I’m using a multi-output latent coregional GP with a Poisson likelihood to model a collection of time series and the idea is to be able to model the individual behaviour of each time series but also capture some latent behaviour. Tests with reduced datasets are yielding interesting results but I’m experiencing performance issues to scale it. I know that GPs are heavy on computation requirements and don’t scale nice (being O(n3)). Even so, I would expect to be able to get them to a certain scale. Right now, I am modeling more or less 50 time series (which I would like to grow to the few hundreds), each one with roughly 100 points (I’m focused on short time series, so I’m not expecting to get much larger than this).
I can’t really sample using MCMC (would take days from my attempts). I can only use MAP to perform some tests, but it is not really what I would want. I already tried to use ADVI, but the results were not good.
One thing that I did was to ensure that my priors were as informative as I can have them to be. I also already checked some of the posts here and understood that, for now, there is no current solution to use a sparse approximation with latent GPs.
Does someone has any ideas that could help to increase the model performance?
What is the shape of
B in your Coregional GP?
I was just running the model for 12 time series. Considering this number, I defined a (12,12) matrix for W and a vector of size 12 for kappa. Looking at the
PyMC3 source code, the B matrix is expanded based on my X, which is, in this case, (576,2). Something along the lines:
X = np.concatenate((np.repeat(np.arange(n).reshape(-1,1), s, axis=1).flatten('F').reshape(-1,1), np.repeat(np.arange(s),n).reshape(-1,1)), axis=1)
W = np.random.normal(loc=0, scale=0.5, size=(12,12))
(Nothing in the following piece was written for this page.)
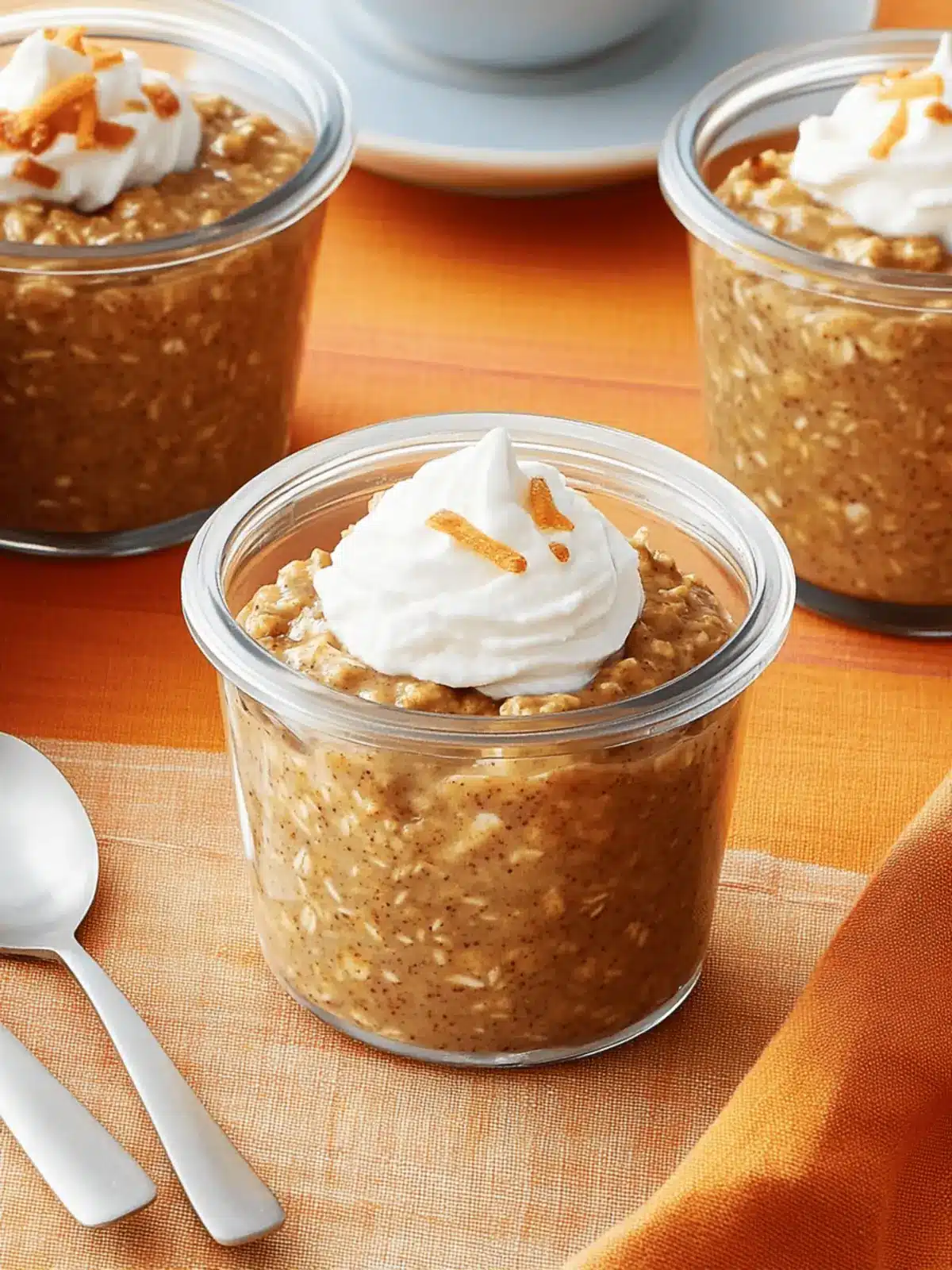 Pumpkin Spice Latte Overnight Oats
kappa = stats.gamma.rvs(a=2, size=12)
W = tt.as_tensor_variable(W)
kappa = tt.as_tensor_variable(kappa)
B = tt.dot(W, W.T) + tt.diag(kappa)
index = tt.cast(X[:,1], "int32")[:,None]
index2 = index.T
B = B[index, index2]
m = plt.imshow(B.eval(), cmap="inferno", interpolation='none')
So, its shape is (576,576).
Yep the shape should be in the range of what pymc3 could handle - i would check to make sure there is no undesired broadcasting happening during the computation of the likelihood.
I will recheck everything.
What would be the size where things get hairy?
Hi @junpenglao, I made it work but now I am applying it to a dataset with 304 time series with 220 time points. So B is now (66880, 66880). It does not seem to be doable.
Is there any other way to approach this? For instance, instead of flattenning the data, use it in matrix form and estimate the GP parameters specifically for each time series (avoiding the need to build such a big matrix full of zeros). The dependencies could also be estimated in different GPs by group and added to the former. Does it make sense? Any way to use the GP API?
It might not be a very realistic assumption that every time point in your 304 time series are correlated with each other, instead, how about modeling a single (meta) time series with GP, and another correlation matrix to capture the correlation among time series (but each time slice will share the same correlation in that case)
And to hop on to @junpenglao’s response, I think you could try the Kronecker functionality for that. I think it should be computationally tractable using that.
You are right @junpenglao, but modeling a meta time series is also not a realistic assumption for my problem. So I went for a hybrid solution, modeling a GP for each hierarchy that I have in the data. It works well and it is fast for the small dataset (30+ time series). It is also fast enough for the bigger one (304 time series) if I don’t use all the hierarchies. If I add one of the bigger ones (with 30 and 70+ groups on each one - meaning 30 and 70+ new GPs added to the model) and try find_MAP it just stays hanging endlessly. There is no error, it just won’t start. One core of the CPU stays at 100% (others at zero) and it uses 12Gb of RAM more or less (which is not bad considering the size of the model but now we also have much smaller cov matrices). Do you know what could be happening?
@bwengals thanks for the tip, I had that as a next step as soon as I could manage to implement the above solution with much smaller cov matrices to begin with. I was thinking of using it for the high level hierarchies with a smaller number of groups, since I am a bit afraid of running again into giant cov matrices. Does it make sense?